有隣堂が目指す書店の未来~誠品生活日本橋プロジェクト

 先般、東京ビッグサイトで開催された雑貨EXPOで、私もお馴染みの書店、有隣堂の松信 健太郎社長が登壇するセミナーが行われました。題して「有隣堂が目指す書店の未来~アジアNo.1書店を日本へ 誠品生活日本橋プロジェクト」です。
 2019年9月、アジアNo.1書店ともいわれる台湾の誠品書店が日本橋に上陸したときは、大きな話題を集めました。導入したのが有隣堂と知り、驚かされたことを覚えています。コロナ禍の中、どのような展望を持たれているのでしょうか。興味津々拝聴しました。
 
 まず出版市場の縮小です。ピークの1996年に比べ48.6%低下したとのことです。ECアマゾンの台頭やスマホの発達、電子書籍の成長など、理由は様々。そこには日本独特の出版流通の崩壊もあるといいます。世界に例のない流通方式で発展してきた出版市場で、リードしてきたのは雑誌の販売売上だったのです。しかし2016年にはついに書籍の売上を下回るようになります。出版社では雑誌はもはや収益源ではなく、ブランドツールと再定義しているとか。この流れはコロナ禍でさらに加速しているといいます。

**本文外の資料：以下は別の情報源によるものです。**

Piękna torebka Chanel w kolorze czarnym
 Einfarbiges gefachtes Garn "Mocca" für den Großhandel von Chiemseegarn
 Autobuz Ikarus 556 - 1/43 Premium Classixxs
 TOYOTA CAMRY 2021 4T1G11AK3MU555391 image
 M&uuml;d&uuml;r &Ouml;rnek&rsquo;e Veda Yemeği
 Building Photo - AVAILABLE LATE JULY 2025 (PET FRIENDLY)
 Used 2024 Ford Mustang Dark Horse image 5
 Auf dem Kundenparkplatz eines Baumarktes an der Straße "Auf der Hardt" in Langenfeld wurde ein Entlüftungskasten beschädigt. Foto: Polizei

 次に有隣堂が他の書店と異なり売上を伸ばしてきた理由についてです。実は書店以外の事業で利益を出していたのですね。それは事務機器やオフィス通販を手掛ける外商部門です。有隣堂の売上の約半分が外商だったとは、驚きです。
 こうした中、台湾発の大型複合セレクトショップ「誠品生活」の日本1号店の開業に参画したのです。「誠品生活」は代官山蔦屋書店がモデルといわれる“本屋らしくない本屋”ですし、またタイム誌アジア版でアジアにおける最も優れた書店と高評価されたこともあったようです。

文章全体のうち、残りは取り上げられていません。